All 6 case-patients had a single inoculation eschar develop: 2 on the neck, 2 on a lower limb (Figure), 1 on the scalp, and 1 on an upper limb. Five (83%) case-patients had enlarged lymph nodes in the region from which the eschar drained, as reported for 10/18 (55%) cases from the literature. Three case-patients (50%) had lymphangitis extending from the eschar to the draining lymph nodes (Figure), compared with 6/18 (33%) in cases from the literature.

For 4/6 (67%) case-patients, a generalized maculopapular rash developed on the palms and soles but not the face; for 2 case-patients, a discrete maculopapular rash appeared after 1 day of treatment. These findings are consistent with our review of the literature, which indicated rash occurring in 13/18 (72%) cases. All 6 case-patients recovered without sequelae after antimicrobial drug treatment using doxycycline or azithromycin.

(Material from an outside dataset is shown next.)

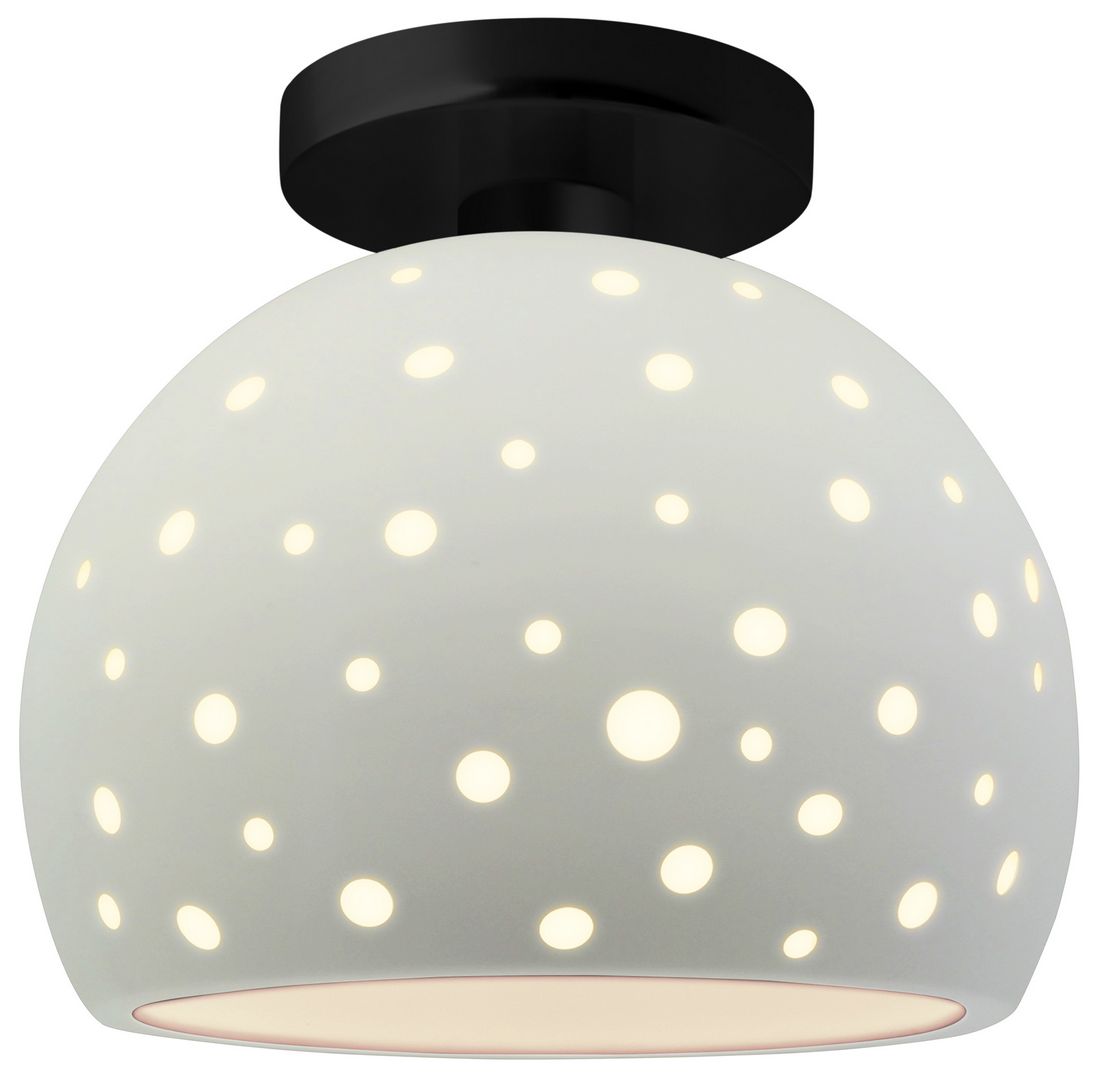 Perforated Globe 7" Wide Matte White Mat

Fournier et al. (4), who reported 7 cases of R. sibirica mongolitimonae infection in 2005, proposed the name lymphangitis-associated rickettsiosis for the disease, on the basis of associated clinical features. However, for the case-patients reported here, the most common clinical signs and symptoms were fever and skin eschar, similar to those from previously reported case series; 5 of the case-patients reported here showed regional lymph node enlargement, 4 rash, and 3 lymphangitis. Because only 24 total cases have been reported and other rickettsioses produce lymphadenopathy and lymphangitis, the term lympangitis-associated rickettsiosis may be unwarranted for this disease.

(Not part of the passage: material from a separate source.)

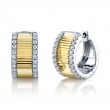 0.46Ct 14K Two Tone White And Yellow Gold Diamond Ribbed Huggie Earrings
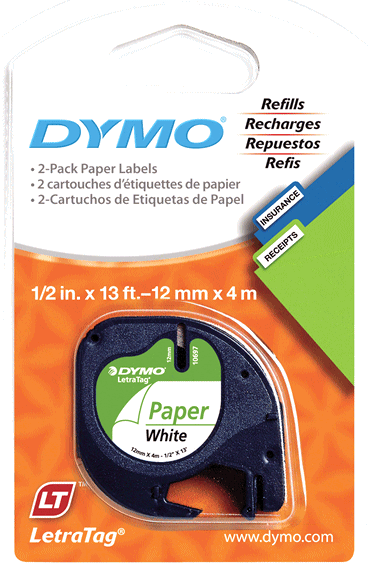 Ruban papier letratag 12mm x 4m - noir/blanc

In our case series, 1 case-patient had mental confusion after 10 days of a febrile disease before hospitalization and was found to be hyponatremic. In this patient, the eschar was located on the scalp, and neither rash nor other clinical clues were suggestive of rickettsiosis. The patient had increased C-reactive protein plasma levels and the highest serologic antibody titers for R. sibirica mongolitimonae of the 6 case-patients (Table, patient 1).

Since R. sibirica mongolitimonae was isolated from H. asiaticum ticks in 1991 (1), it has been recovered from H. truncatum ticks in sub-Saharan Africa (6) and H. anatolicum excavatum ticks in Greece (7). These findings suggest a possible association between R. sibirica mongolitimonae and Hyalomma spp. ticks. However, in Spain, R. sibirica mongolitimonae has been detected in 2/8 tick species tested (Rhipicephalus pusillus and Rh. bursa) at similar percentages (3.7% and 3.6%, respectively) but not from Hyalomma spp. ticks (15). Similarly, 1/20 samples of Rh. pusillus ticks from Portugal was positive for R. sibirica mongolitimonae (8), while testing of other tick species, including H. lusitanicum, Rh. sanguineus, and Rh. bursa, yielded negative results. That Hyalomma spp. (H. lusitanicum and H. marginatum) ticks have not been found to be infected in Spain does not mean that these ticks are not vectors for R. sibirica mongolitimonae. However, data from the literature support the hypothesis that Rhipicephalus spp. ticks are a vector for this rickettsia on the Iberian Peninsula, and our findings confirm that this rickettsia species is circulating in Spain, where specific vectors have yet to be described.

In summary, we report 6 cases of human infection with R. sibirica mongolitimonae that occurred in the same geographic area of Spain. Our results indicate that PCR of eschar samples is the most useful diagnostic procedure for this pathogen; samples from all 6 case-patients had positive results, while test results for 1 whole blood sample and 2 lymph node samples were negative. However, the limited number of samples does not make it possible to infer specific diagnostic sensitivities.

The epidemiology and pathogenicity of illness caused by R. sibirica mongolitimonae infection require further investigation. An active search for the vector of R. sibirica mongolitimonae in countries of the Mediterranean region is necessary to complete the epidemiology of this rickettsiosis, which is likely to be more widespread than originally assumed. In particular, clinicians caring for patients who have traveled to the Mediterranean coast of Spain should consider this rickettsiosis in the differential diagnosis.